Kentucky Rep. Andy Barr told House Financial Services Subcommittee on Financial Institutions and Monetary Policy that groups forming climate-based regulations aren't being transparent, he said during a hearing on July 18.
“There is little transparency about regulators’ climate efforts and what occurs in Administration-led climate working groups or international global governance organizations," he said in a release. "Four bills have been attached to this hearing to address this lack of transparency and regulatory capture.

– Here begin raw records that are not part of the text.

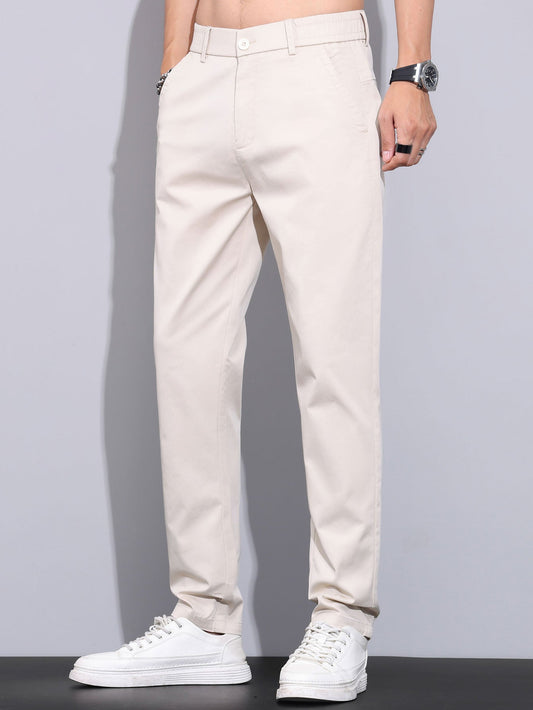 Pantalon à taille élastique et jambes droites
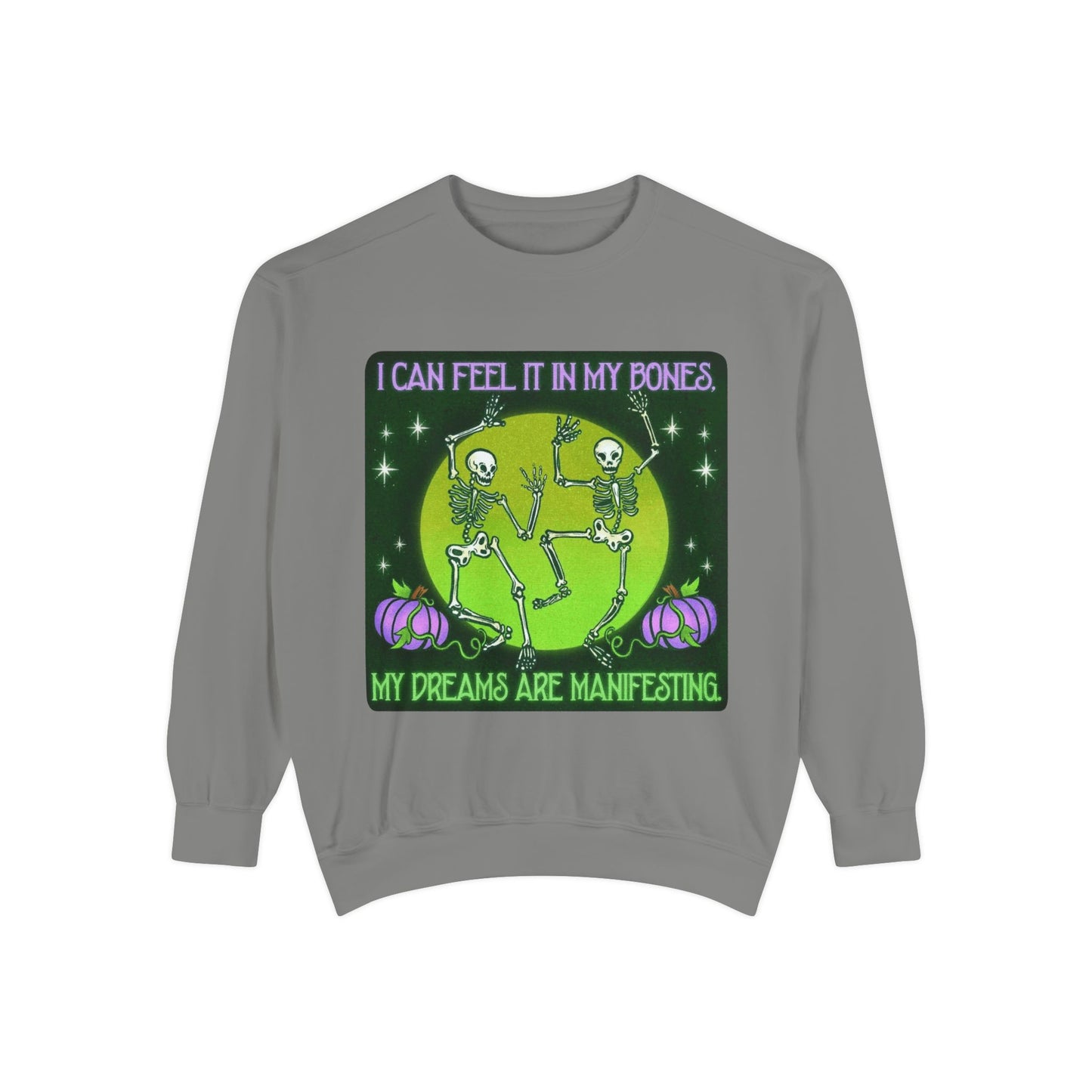 Spooky Manifesting Sweatshirt, Unisex Skeleton Pullover, Halloween Apparel, Cozy Fall Fashion, Casual Trendy Top, Unique Gift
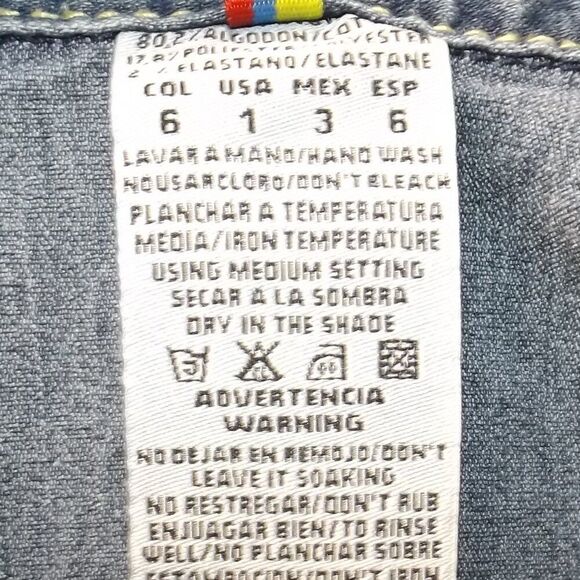 SCORPIO Denim Jumpsuit, 1 JR, Button front, low rise, Flare/fringe hem, Pockets - Picture 11 of 11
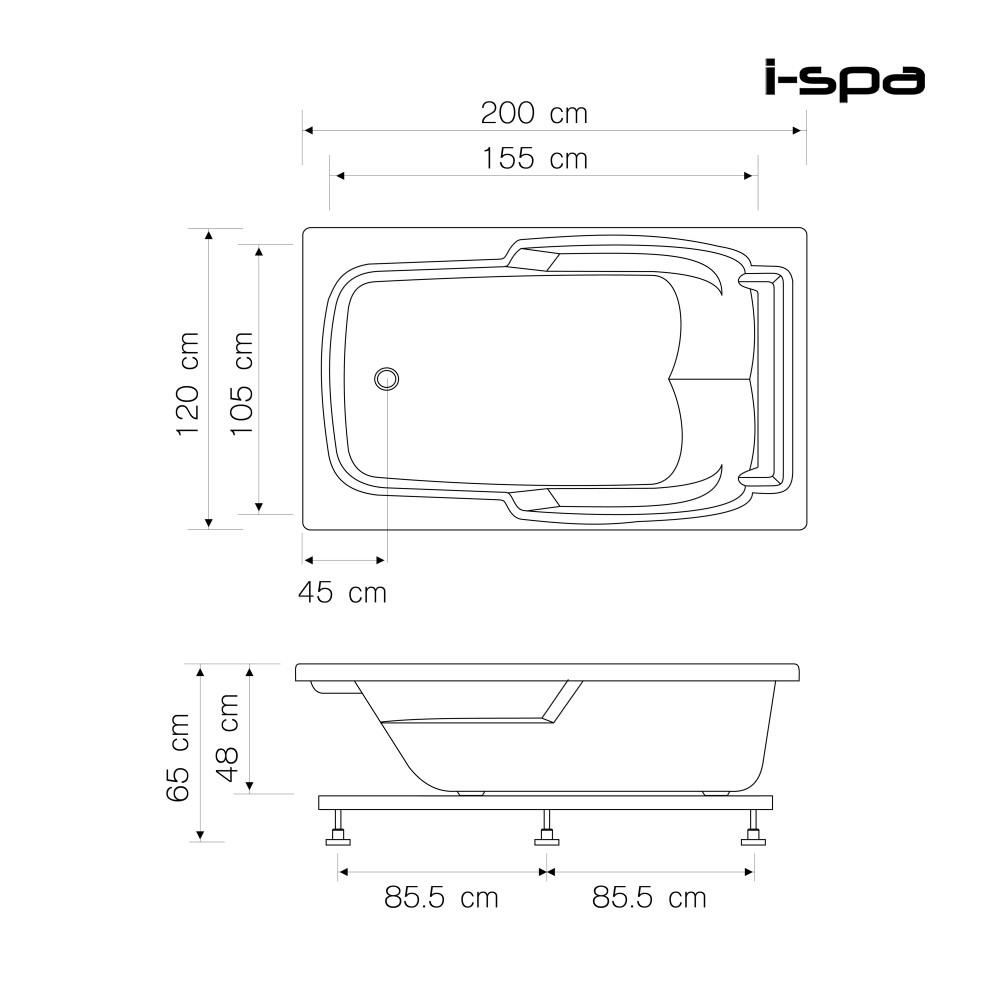 อ่างน้ำวนอัดอากาศ 200 ซม. BATHROOM DESIGN BD-LOB001WAF สีขาว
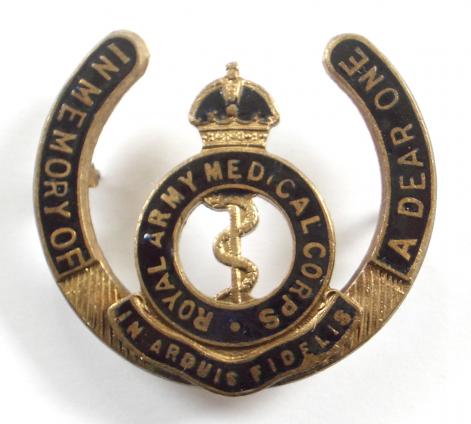 WW1 Royal Army Medical Corps 'In Memory Of A Dear One' Horseshoe Memorial Brooch.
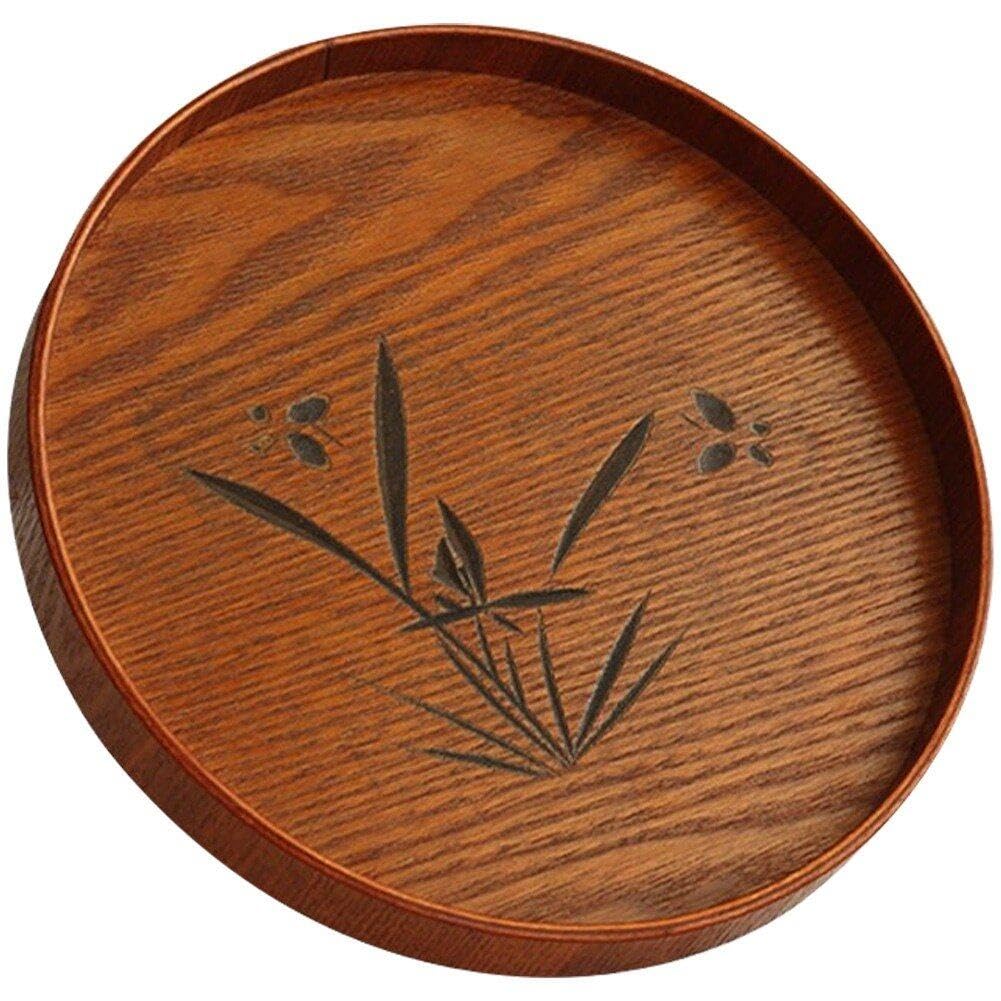 Baokuan Wooden Pallet Cosmetic Organizer Appetizers Decorative Tray Cake Plate Wooden Jewelry Japanese Serving Tray Tea Serving Tray Coffee Decor Wooden Tray Food Dessert Plate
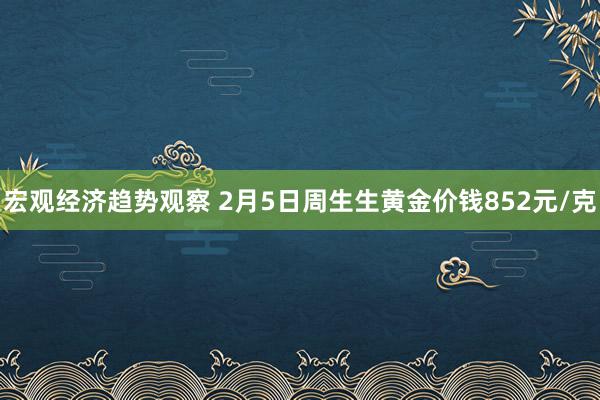 宏观经济趋势观察 2月5日周生生黄金价钱852元/克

There is also lack of transparency about funding of some of the climate-related efforts of the international organizations, including a tangled web of financing associated with the Network of Central Banks and Supervisors for Greening the Financial System, or NGFS."
The committee hearing discussed federal regulatory involvement in Banks and other financial institutions, the release said. During the discussions, Barr said that in order to handle financial risks designated as “climate-related," federal guidelines have been established, especially by the Federal Reserve which has enacted a “mandatory supervisory climate scenario analysis." The release said Fed Chair Janet Yellen, who also heads the Financial Stability Oversight Council (FSOC), called climate change an “existential crisis," an attitude Barr suggested leads regulatory bodies to incorporate climate policies into banking regulation.
Barr said it was strange for the federal government to be so invested in regulatory activity related to climate change, adding that climate risk analysis is full of uncertainty, and he expressed doubts as to the effectiveness of a public analysis superseding that of the private sector, as many banks already study climate risks independently.
“Regulators are saying that their efforts are intended to ‘help’ banks manage risks that are not yet fully understood, even by the regulators, with the underlying premise that somehow the prudential regulators know better than the private sector," he said.
Barr, a Republican, serves Kentucky’s sixth district, and is also a member of the Indo-Pacific Subcommittee of the Foreign Affairs Committee, and Select Committee on China, according to his website.